At least they’d made it out of the barn and into the fresh air and sunshine where the clouds had broken apart. That seemed like progress. Steam rose from the earth.
“Close the doors please,” Patrice said to Gil and Marie-Rose.
They closed the barn doors behind and reclaimed their positions atop the luggage and the stranger in the rumble seat.
Patrice couldn’t help but think of Tatie Bernadette, that she’d be arriving back
here soon. It had been almost two hours now since Gil and Patrice left the service. Mother would be baptized by now, abomination that it was. And after, the parishioners would lay hands on her.
If any of you, if any one person here lays hands on that woman, you are inviting devils!
It still seemed unreal. Thus far the children had managed to keep their mother away by using the briar to ward her off. But they hadn’t anticipated that Maman might send a stranger or that she would get at Tatie Bernadette.
Some plantationers had assembled in the allée, drawn by the spectacle. Patrice looked toward them, pained, knowing that they were moments away from coming up and asking what they were doing and where they were headed in Papa’s old automobile.
Francois must have seen them, too, because he motioned to Patrice. “Listen close before I let Trig crank this thing up again because I’m tired of shouting. You use your right foot for the brake, and your left foot for the gears.”
Patrrice thought it sounded simple enough.
Trigger asked, “But how do we go fast?”
“Boy, y’all are not gonna go fast, you hear?”
“We need to at least know how it works.”
Francois sighed. “That left pedal, if it ain’t pushed all the way and if it ain’t in the middle, then you lettin it out and that’s the fast gear. And you can give it gas on the lever up here to make it really go. But I mean it, y’all ain’t goin fast. You gotta go slow the whole ways. Now go on ahead and crank’r up again.”
Trigger cranked. The motor reared to life. Trigger hopped back in.

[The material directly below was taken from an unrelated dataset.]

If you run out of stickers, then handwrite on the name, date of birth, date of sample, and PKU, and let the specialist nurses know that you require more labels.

“Easy, easy,” Francois said.
Patrice took it easy.
Francois said, “Mash that pedal and then real gentle, do the lever here on the steering wheel. Now you goin. Now you goin. Watch the road. Always watch the road. Don’t never look at your feet. You go by feel.”

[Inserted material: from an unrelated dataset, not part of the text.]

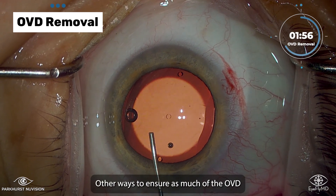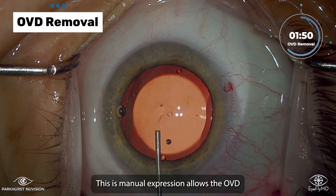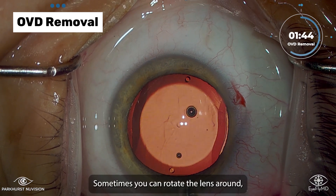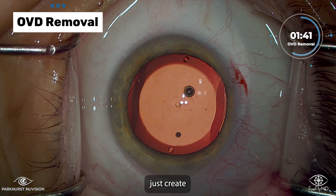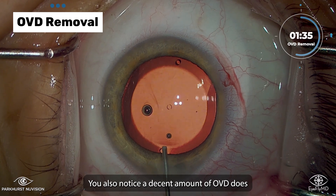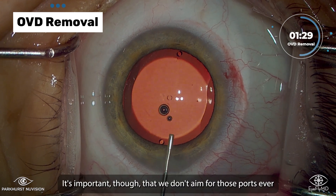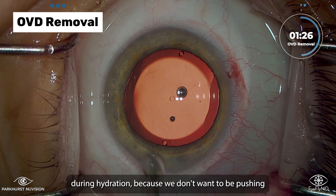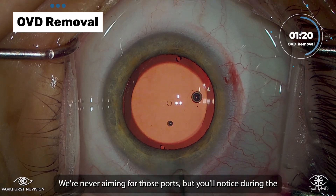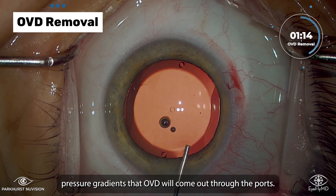Other ways to ensure as much of the OVD is evacuated as possible — you can see this rocking motion of the lens. This manual expression allows the OVD to come from around the back of the lens. Sometimes you can rotate the lens around, just to create spaces and pressure gradients to allow the OVD to come around. You'll also notice a decent amount of OVD does come out through the central port. It's important though that we don't aim for those ports during hydration, because we don't want to be pushing all that fluid under pressure right into the crystalline lens.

The plantationers had circled closer in, though Patrice had barely noticed their approach. They were now backing off the road as the old Ford made lurching advances, though its movements were no longer so violent as that initial attempt. And then Patrice started to get the feel of it, and the Ford was moving smoothly but slowly forward.

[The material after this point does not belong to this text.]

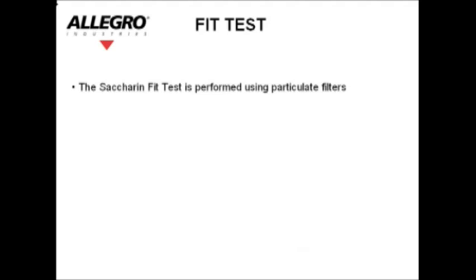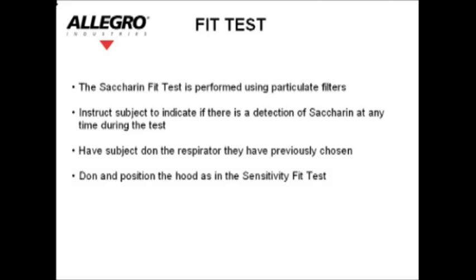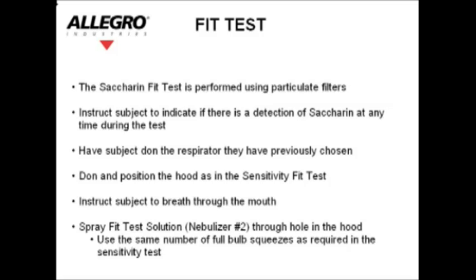The saccharin fit test is performed using particulate filters. Instruct the subject to indicate if there is a detection of saccharin at any time during the test. Have the subject don the respirator they have previously chosen. Don and position the hood as in the sensitivity fit test. Instruct the subject to breathe through the mouth. Spray the fit test solution — nebulizer number two — through the hole in the hood, using the same number of full bulb squeezes as required in the sensitivity test. Inject one half of the number of squeezes used above every 30 seconds.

Patrice could see Eunice walking ahead in a thin calico dress. There were tears in her eyes. Patrice wondered what had upset her. Did she know? Before she could stop herself, Patrice sought inside Eunice’s heart. She found that Eunice was sad to see Patrice and the others go. How Eunice knew they were leaving for good, Patrice couldn’t guess. Maybe all those bags in the back.